Kasat Reskrim dan Kanit Tipidter Polres Tapsel Dilaporkan ke Bidpropam Polda Sumut, MOSI: "Siapa yang Dilindungi dalam Kasus Mafia BBM Bersubsidi?"

Redaksi Media Bahri
0

InvestigasiGWI.com | Medan – Aroma dugaan permainan dalam penanganan kasus penyalahgunaan BBM bersubsidi di Kabupaten Padang Lawas Utara (Paluta) kembali mencuat. Dewan Pimpinan Daerah (DPD) Media Organisasi Siber Indonesia (MOSI) Kota Medan resmi mengambil langkah tegas dengan melaporkan Kasat Reskrim dan Kanit Tipidter Polres Tapanuli Selatan ke Bidpropam Polda Sumatera Utara.


Laporan tersebut diajukan setelah DPD MOSI menilai penanganan perkara yang dilakukan Polres Tapanuli Selatan tidak profesional, tidak transparan, dan dinilai gagal membongkar aktor utama yang diduga berada di balik praktik mafia BBM bersubsidi.


MOSI mempertanyakan mengapa proses hukum hanya berhenti pada pelaku lapangan, sementara pihak-pihak yang diduga menjadi pengendali distribusi ilegal maupun oknum yang diduga menikmati keuntungan dari bisnis BBM bersubsidi belum tersentuh proses hukum.


Kabid Humas DPD MOSI, Muhammad Zulfahri Tanjung, menyebut pihaknya sangat kecewa terhadap kinerja penyidik Polres Tapanuli Selatan.


"Kami mempertanyakan, mengapa penyidikan hanya menyasar sopir, sementara dugaan aktor intelektual dan pihak-pihak yang diduga memasok BBM bersubsidi tidak tersentuh.

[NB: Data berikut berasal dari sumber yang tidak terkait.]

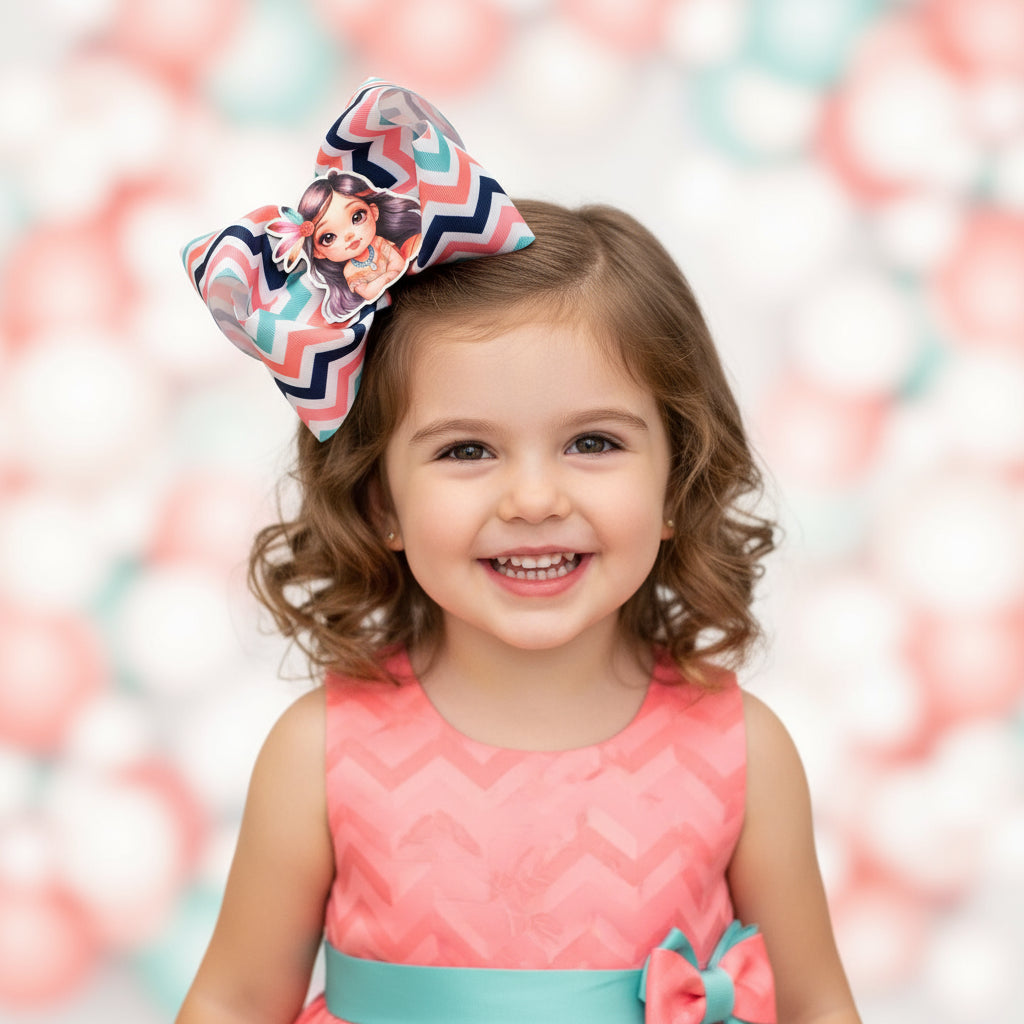 Indian Girl Boutique Hairbow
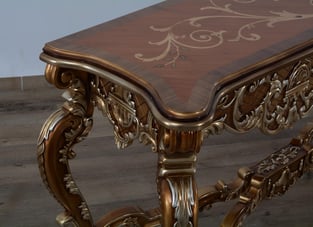 Order Brown, Gold, Antique, Silver European Furniture 35550-ST Accent Tables now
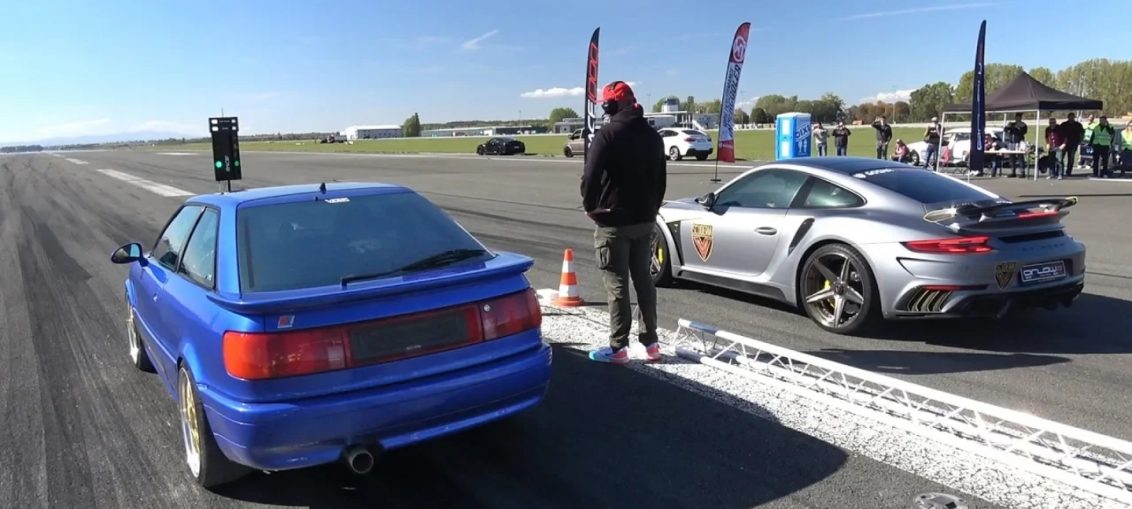 Audi S2 Turbo Stance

Jika barang bukti mencapai ratusan liter, tentu publik berhak bertanya dari mana asal BBM tersebut dan siapa yang bermain di belakangnya," tegas Zulfahri.


Menurutnya, sebelumnya telah disampaikan pengaduan masyarakat oleh Ongku Permohonan Harahap yang memuat dugaan keterlibatan enam SPBU dalam praktik penyaluran BBM bersubsidi yang diduga tidak sesuai ketentuan.

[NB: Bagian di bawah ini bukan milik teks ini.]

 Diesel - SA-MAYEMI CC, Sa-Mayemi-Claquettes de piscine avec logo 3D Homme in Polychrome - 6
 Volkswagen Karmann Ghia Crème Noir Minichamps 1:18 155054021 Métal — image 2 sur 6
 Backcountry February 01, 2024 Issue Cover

Namun, hasil penyelidikan Polres Tapanuli Selatan justru menyebut lima SPBU tidak terbukti melakukan pelanggaran. Kesimpulan itu dinilai menimbulkan tanda tanya besar.


"Kalau benar hanya satu SPBU yang menjadi sumber, bagaimana mungkin jumlah BBM yang diamankan mencapai sekitar 900 liter? Logika publik tentu mempertanyakan hal itu. Penyidik seharusnya membuka seluruh mata rantai distribusinya," ujarnya.

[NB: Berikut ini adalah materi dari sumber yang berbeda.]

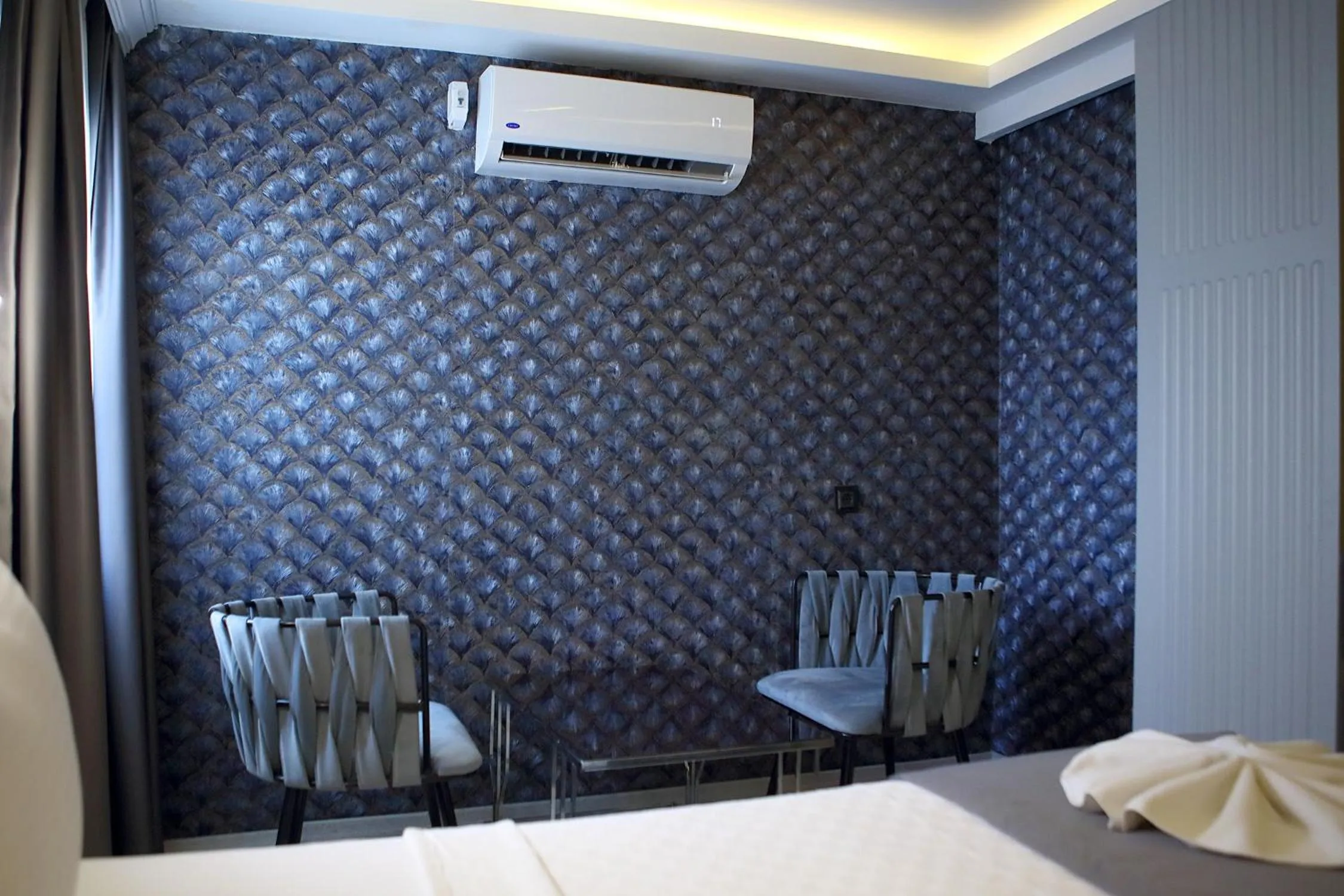 Seating area, Bed in AMARA OLD CITY HOTEL & Spa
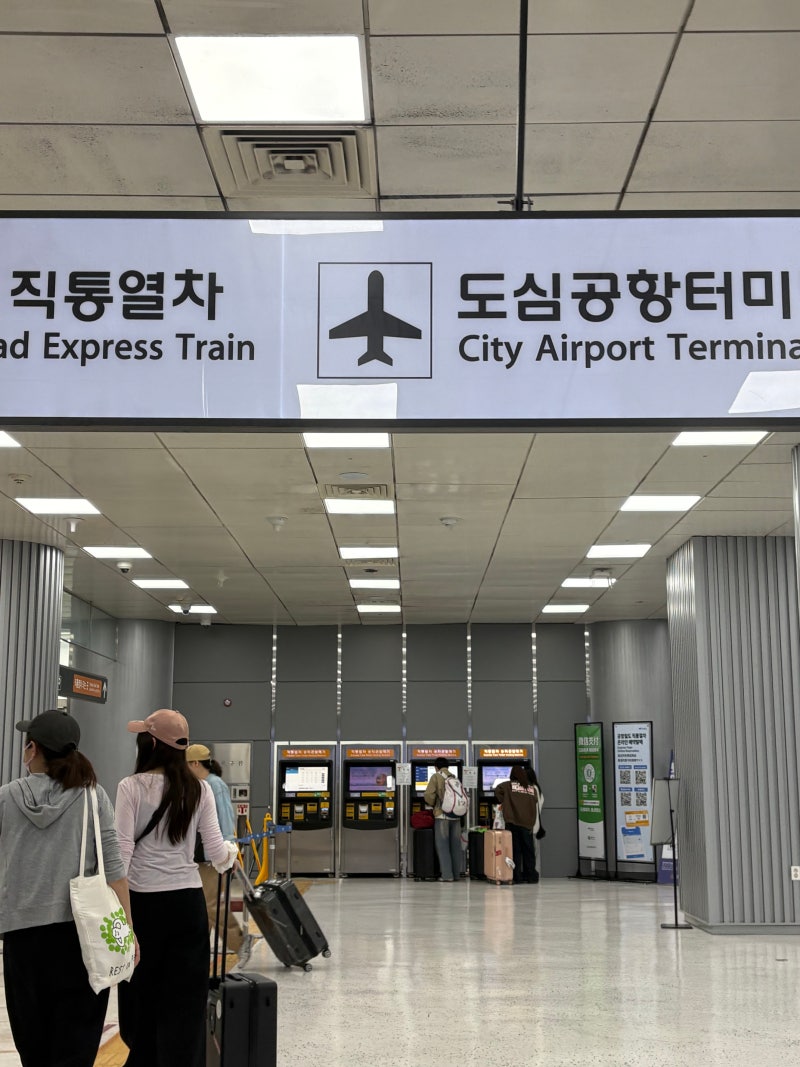 Seoul Station City Airport Terminal: How to Use, Check-in, Immigration, and Airlines Guide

Penasehat Hukum DPD MOSI, Henry Pakpahan, menilai penyidik memiliki kewenangan penuh untuk mendalami seluruh pihak yang diduga terlibat.


"Video rekaman dan alat bukti awal semestinya menjadi pintu masuk untuk mengembangkan perkara. Jika penyidikan berhenti hanya pada pelaku lapangan, maka wajar apabila muncul pertanyaan publik mengenai transparansi penanganan kasus ini," katanya.


Henry menegaskan, pelaporan ke Bidpropam Polda Sumut bukan sekadar bentuk protes, melainkan permintaan agar profesionalisme penyidik diperiksa.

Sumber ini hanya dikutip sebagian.